Une opération d'aménagement, au delà de l'objet désincarné qu'il peut représenter dans les livres, a des conséquences très concrètes. C'est en cela que faire de l'urbanisme est intéressant. Des idées d'aménagement germent, des propositions de nouvelle réglementation sont régulièrement faites dans l'administration. L'aménageur (on peut englober dans cette expression facile les juristes, les ingénieurs, les architectes, les élus,... tous ceux qui interviennent à un titre quelconque dans la réflexion sur l'aménagement )se fait alchimiste.

Une fois le projet ou la règle élaborés et définitivement adoptés, il sont mis en oeuvre par l'intermédiaire du ou des permis de construire nécessaire(s). Il se passe le plus souvent de un à trois ans entre l'idée et sa concrétisation dans la rue. C'est très court à l'échelle de l'existence d'une ville. Un aménageur a la chance de voir se réaliser très vite le résultat grandeur nature de son travail.

Il a également la chance d'avoir en permanence sous son regard le résultat de ses erreurs.

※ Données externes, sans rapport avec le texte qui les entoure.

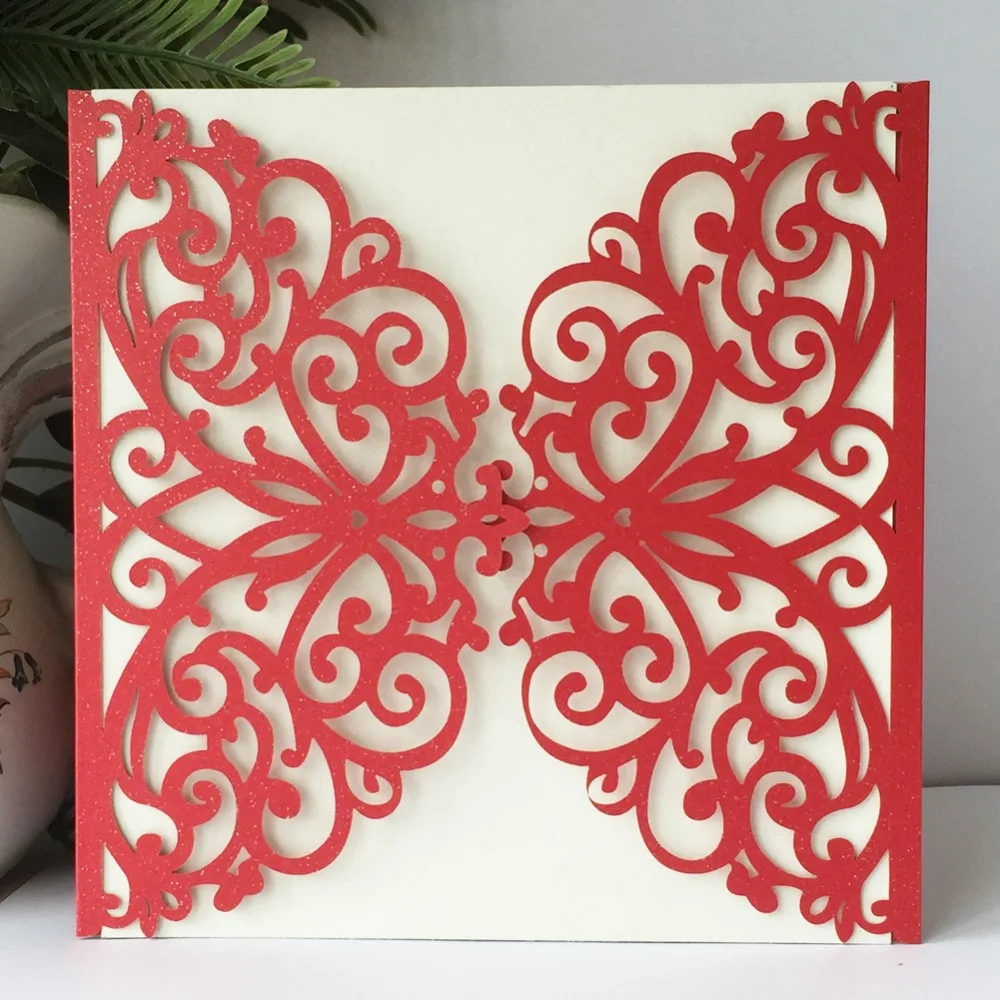 100 шт./лот 24 цвета Европейская квадратная пригласительная карта для свадьбы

Une opération d'aménagement s'applique d'abord à un territoire toujours bien défini. Le territoire c'est le sol et le sol, dans notre société, c'est le propriétaire. Il est rare qu'une opération d'aménagement se fasse en plein désert. Ce n'est pas impossible. Mais le plus souvent, surtout dans nos région, une opération d'aménagement se greffe sur un territoire déjà occupé. Mal occupé, insuffisament occupé, peut-être, mais occupé quand même. Or qui dit "occupation" dit "occupant" et il faut bien en tenir compte.

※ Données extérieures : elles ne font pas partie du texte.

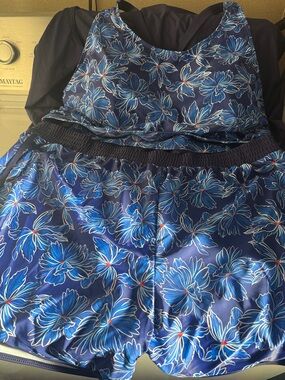 3 piece Blue Floral Active bathing suit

Une fois l'opération montée, il faut la financer. C'est sur ce point d'ailleurs qu'ont lieu les discussions les plus âpres. Ici le vernis le plus solide craque très facilement et des promoteur qui, dans leurs manoeuvres de séduction, mettent facilement l'intérêt collectif en avant, redécouvrent leur propre intérêt d'entrepreneur, légitime certes, mais bien souvent peu compatible avec l'intérêt général.

Lorsque le financement est trouvé, l'opération peut être réalisé, et ce n'est pas forcément l'étape la plus facile.